RECORDED DATA Block Start
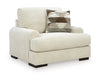 Jayne Park Oversized Chair - Dream Home Furniture & Mattress (Waite Park, MN)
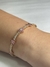 Pulseira Riviera Florzinha Pink - comprar online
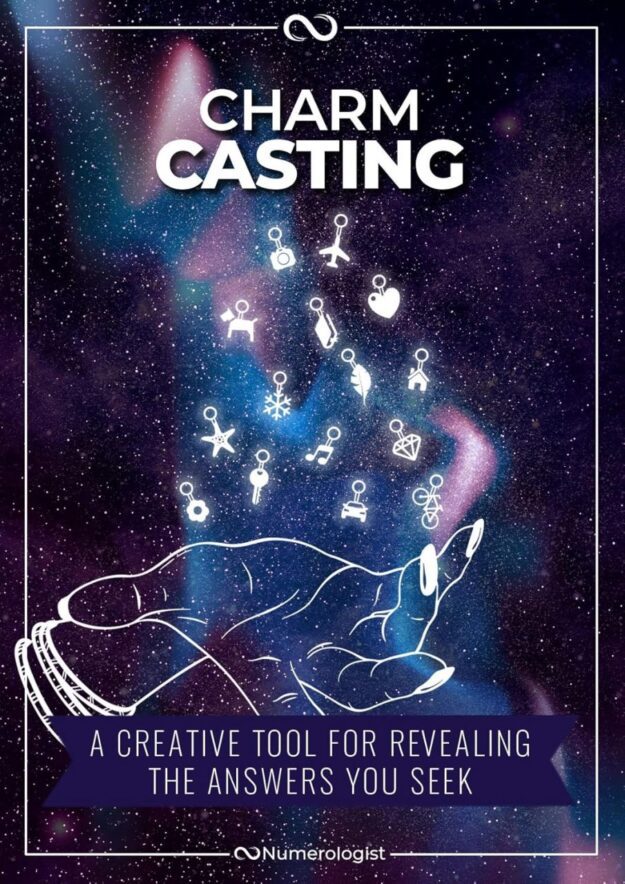 "Charm Casting: A Creative Tool For Revealing The Answers You Seek" by Numerologist Limited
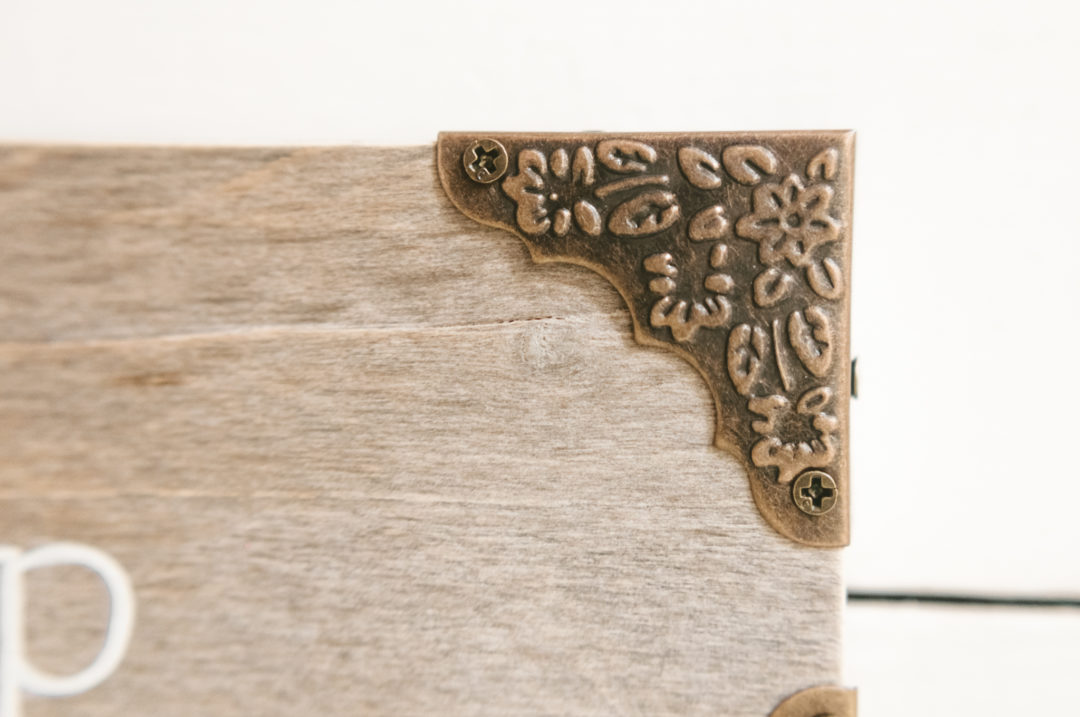 Daydream Rustic Reclaimed Sign Wood Wall Decor - Image 3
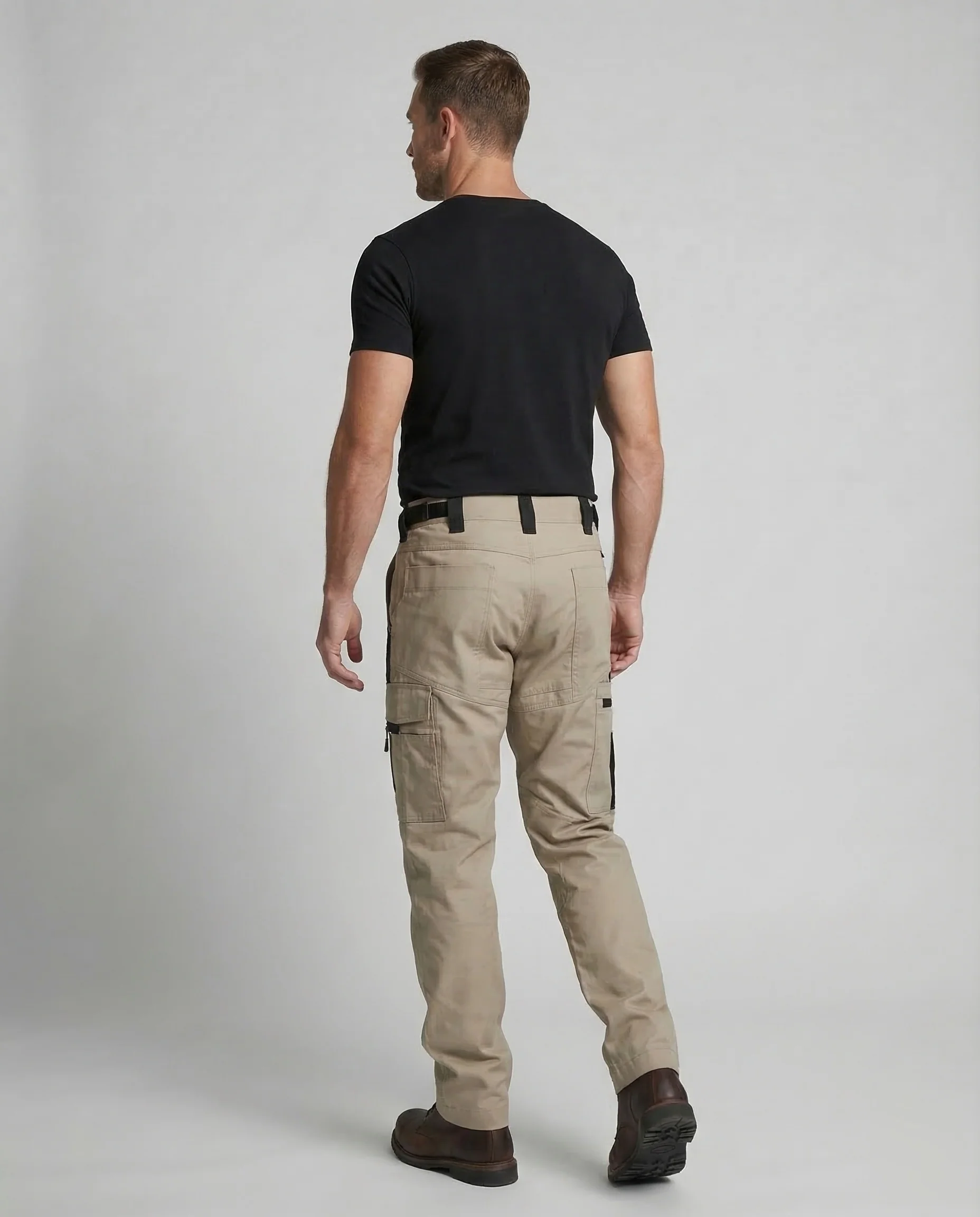 Herren Cargohose Tactical - Image 4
RECORDED DATA Block End
◆ WORK ITEM:
Set every entry down again exactly as written, and omit the images.

◆ WORKED SOLUTION:
 Jayne Park Oversized Chair - Dream Home Furniture & Mattress (Waite Park, MN)
 Pulseira Riviera Florzinha Pink - comprar online
 "Charm Casting: A Creative Tool For Revealing The Answers You Seek" by Numerologist Limited
 Daydream Rustic Reclaimed Sign Wood Wall Decor - Image 3
 Herren Cargohose Tactical - Image 4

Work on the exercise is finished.